In 2000, Wizards of the Coast released the last adventure to be written for the 2nd edition ruleset, Die Vecna Die!, a three-part adventure tying Greyhawk to the Ravenloft and Planescape campaign settings. In this adventure, Vecna was given the rank of a lesser god. Die Vecna Die! set up the transition between the second and third editions of D&D. According to Shannon Appelcline, the adventure "touched upon the oldest locales and the most ancient myths of the D&D game" by involving the Eye and Hand of Vecna and using them to oppose Iuz the cambion demigod.

=== 3rd and 3.5 edition ===
Wizards of the Coast continued the character's theme of ascending godhood in Dungeons & Dragons Third Edition (2000–2002) with the Player's Handbook (2000) listing him as a Lesser deity. Third Edition further raised Vecna's profile in the game, making him a member of the game's "core pantheon". Vecna's alignment was changed from Lawful Evil to Neutral Evil in Third Edition, and no in-game explanation has surfaced. Vecna's role in the 3rd edition Greyhawk setting was defined in the Living Greyhawk Gazetteer (2000). Vecna is detailed in Deities and Demigods (2002). On the deities of the Greyhawk setting, Matthew Attanasio, for CBR, wrote, "Vecna, a lich who hordes [sic] dark secrets, covets incredible power and holds dominion over the undead, is perhaps the most infamous of these deities".

Vecna appears in the revised Player's Handbook (2003) for Dungeons & Dragons 3.5 edition (2003–2007). His priesthood is detailed for this edition in Complete Divine (2004). Vecna was one of the deities featured in Libris Mortis (2004). Vecna and his priesthood were expanded upon in Dragon #348, in the "Core Beliefs" column.

=== 4th edition ===
Vecna appears as one of the deities described in the 2008 Dungeon Master's Guide for Dungeons & Dragons 4th edition. He is primarily the god of secrets. The Hand of Vecna has also made its return for this edition of the game. Vecna was given a set of statistics in Open Grave (2008). Vecna was the name of the Wizards of the Coast's server that hosted and handled the new online character builder tool.

=== 5th edition ===
In the 5th Edition Dungeon Master's Guide (2014), Vecna appears as a member of the "Dawn War Pantheon" which is mostly derived from the 4th Edition pantheon. He is also included in the Player's Handbook (2014) as one of the deities of Greyhawk. In both, he is listed as the god of evil secrets. Additionally, both his hand and eye are listed as artifacts. In the Sword Coast Adventurer's Guide (2015), Vecna is mentioned as a possible God for the Arcana Cleric Domain, as well as a Warlock patron of the Undying.
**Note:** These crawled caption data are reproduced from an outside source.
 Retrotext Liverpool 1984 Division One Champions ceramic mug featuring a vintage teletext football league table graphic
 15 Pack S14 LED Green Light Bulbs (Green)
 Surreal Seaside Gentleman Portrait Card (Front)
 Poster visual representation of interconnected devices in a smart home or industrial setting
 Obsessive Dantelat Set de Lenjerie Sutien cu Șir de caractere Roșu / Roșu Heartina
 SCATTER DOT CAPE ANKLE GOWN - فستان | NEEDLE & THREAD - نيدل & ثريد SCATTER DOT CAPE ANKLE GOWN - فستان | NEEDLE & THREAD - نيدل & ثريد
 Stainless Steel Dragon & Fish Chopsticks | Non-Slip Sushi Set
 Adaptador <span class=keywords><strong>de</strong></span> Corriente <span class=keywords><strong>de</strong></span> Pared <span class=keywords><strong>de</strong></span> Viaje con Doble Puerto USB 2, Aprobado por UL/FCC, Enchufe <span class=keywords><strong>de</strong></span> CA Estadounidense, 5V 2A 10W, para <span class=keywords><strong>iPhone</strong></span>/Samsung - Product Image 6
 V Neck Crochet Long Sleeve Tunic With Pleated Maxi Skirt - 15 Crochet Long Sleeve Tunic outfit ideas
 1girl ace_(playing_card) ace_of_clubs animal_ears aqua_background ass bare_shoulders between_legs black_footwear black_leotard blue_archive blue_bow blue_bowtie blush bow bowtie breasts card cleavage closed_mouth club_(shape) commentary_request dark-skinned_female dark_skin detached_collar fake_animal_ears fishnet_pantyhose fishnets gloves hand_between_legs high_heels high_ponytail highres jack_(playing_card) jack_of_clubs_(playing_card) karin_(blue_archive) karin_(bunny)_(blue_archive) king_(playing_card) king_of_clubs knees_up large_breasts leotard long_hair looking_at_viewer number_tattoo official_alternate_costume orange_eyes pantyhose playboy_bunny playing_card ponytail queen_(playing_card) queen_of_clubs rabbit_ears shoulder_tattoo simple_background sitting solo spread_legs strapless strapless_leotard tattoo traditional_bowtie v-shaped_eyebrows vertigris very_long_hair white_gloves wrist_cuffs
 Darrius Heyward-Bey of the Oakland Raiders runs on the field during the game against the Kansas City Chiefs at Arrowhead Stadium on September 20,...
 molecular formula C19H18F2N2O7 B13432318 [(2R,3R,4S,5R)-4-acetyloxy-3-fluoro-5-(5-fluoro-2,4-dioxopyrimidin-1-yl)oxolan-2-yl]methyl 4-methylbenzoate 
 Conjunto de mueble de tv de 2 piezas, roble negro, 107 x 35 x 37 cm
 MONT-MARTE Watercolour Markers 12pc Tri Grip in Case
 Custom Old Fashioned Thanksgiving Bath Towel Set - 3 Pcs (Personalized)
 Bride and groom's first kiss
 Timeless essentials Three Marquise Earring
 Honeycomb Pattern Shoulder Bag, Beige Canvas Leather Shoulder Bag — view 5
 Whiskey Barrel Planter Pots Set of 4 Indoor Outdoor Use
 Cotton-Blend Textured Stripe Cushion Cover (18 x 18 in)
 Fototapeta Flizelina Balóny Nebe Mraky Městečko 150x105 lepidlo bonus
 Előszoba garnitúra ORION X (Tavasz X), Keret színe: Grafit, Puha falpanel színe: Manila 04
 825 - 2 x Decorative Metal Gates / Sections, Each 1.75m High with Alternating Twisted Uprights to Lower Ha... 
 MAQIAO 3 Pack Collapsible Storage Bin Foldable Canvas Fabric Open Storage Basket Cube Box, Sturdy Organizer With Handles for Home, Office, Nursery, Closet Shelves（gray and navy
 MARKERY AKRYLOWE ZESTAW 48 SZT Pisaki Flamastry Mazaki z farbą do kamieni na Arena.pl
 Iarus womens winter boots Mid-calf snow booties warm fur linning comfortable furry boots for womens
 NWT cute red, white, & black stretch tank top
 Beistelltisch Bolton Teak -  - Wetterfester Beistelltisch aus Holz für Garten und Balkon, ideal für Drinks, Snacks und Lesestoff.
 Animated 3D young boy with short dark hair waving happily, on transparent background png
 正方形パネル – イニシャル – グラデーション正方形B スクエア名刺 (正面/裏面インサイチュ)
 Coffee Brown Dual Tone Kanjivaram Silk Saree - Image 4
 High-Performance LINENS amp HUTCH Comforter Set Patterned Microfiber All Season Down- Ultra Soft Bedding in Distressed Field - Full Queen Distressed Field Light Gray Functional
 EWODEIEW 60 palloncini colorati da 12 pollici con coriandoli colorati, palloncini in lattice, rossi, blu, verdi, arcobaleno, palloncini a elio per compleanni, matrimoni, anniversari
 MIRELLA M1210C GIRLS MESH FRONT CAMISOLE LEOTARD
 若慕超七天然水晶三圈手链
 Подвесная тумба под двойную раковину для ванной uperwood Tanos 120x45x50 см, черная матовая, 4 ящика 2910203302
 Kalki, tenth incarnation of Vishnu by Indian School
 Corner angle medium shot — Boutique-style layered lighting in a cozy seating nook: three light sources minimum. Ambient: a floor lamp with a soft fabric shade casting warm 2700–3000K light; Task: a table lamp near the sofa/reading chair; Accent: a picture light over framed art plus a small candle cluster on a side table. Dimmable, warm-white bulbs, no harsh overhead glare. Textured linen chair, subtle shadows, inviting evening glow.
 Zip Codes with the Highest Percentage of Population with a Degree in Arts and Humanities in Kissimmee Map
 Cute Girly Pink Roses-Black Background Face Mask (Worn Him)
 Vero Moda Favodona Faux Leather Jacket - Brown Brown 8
In the Exandria setting, Vecna is a Betrayer God also known as the Whispered One. He was introduced to this setting in the Dungeons & Dragons web series Critical Role as the main villain in the last arc of the first campaign. However, the events of Critical Role were not added to the official Dungeons & Dragons canon until Joe Manganiello's character Arkhan was added to the adventure module Baldur's Gate: Descent Into Avernus (2019). Further details on Vox Machina's fight with Vecna were then included in the official campaign sourcebook Explorer's Guide to Wildemount (2020) along with details on Vecna's enemies and his commandments.

In June 2022, Wizards of the Coast released the Vecna Dossier as a digital exclusive on D&D Beyond. This included background information and a 5th Edition statblock for Vecna in the updated style of the edition. This iteration is of Vecna as an archlich before his ascension to godhood.

Vecna is the main villain of the adventure module Vecna: Eve of Ruin, released in May 2024. This module also launches a new storyline that will "play out over a five year period, with other adventures bringing back more classic D&D villains".

== Related artifacts ==

The Hand and Eye of Vecna, as shown on the cover of Vecna Lives! (TSR, 1990)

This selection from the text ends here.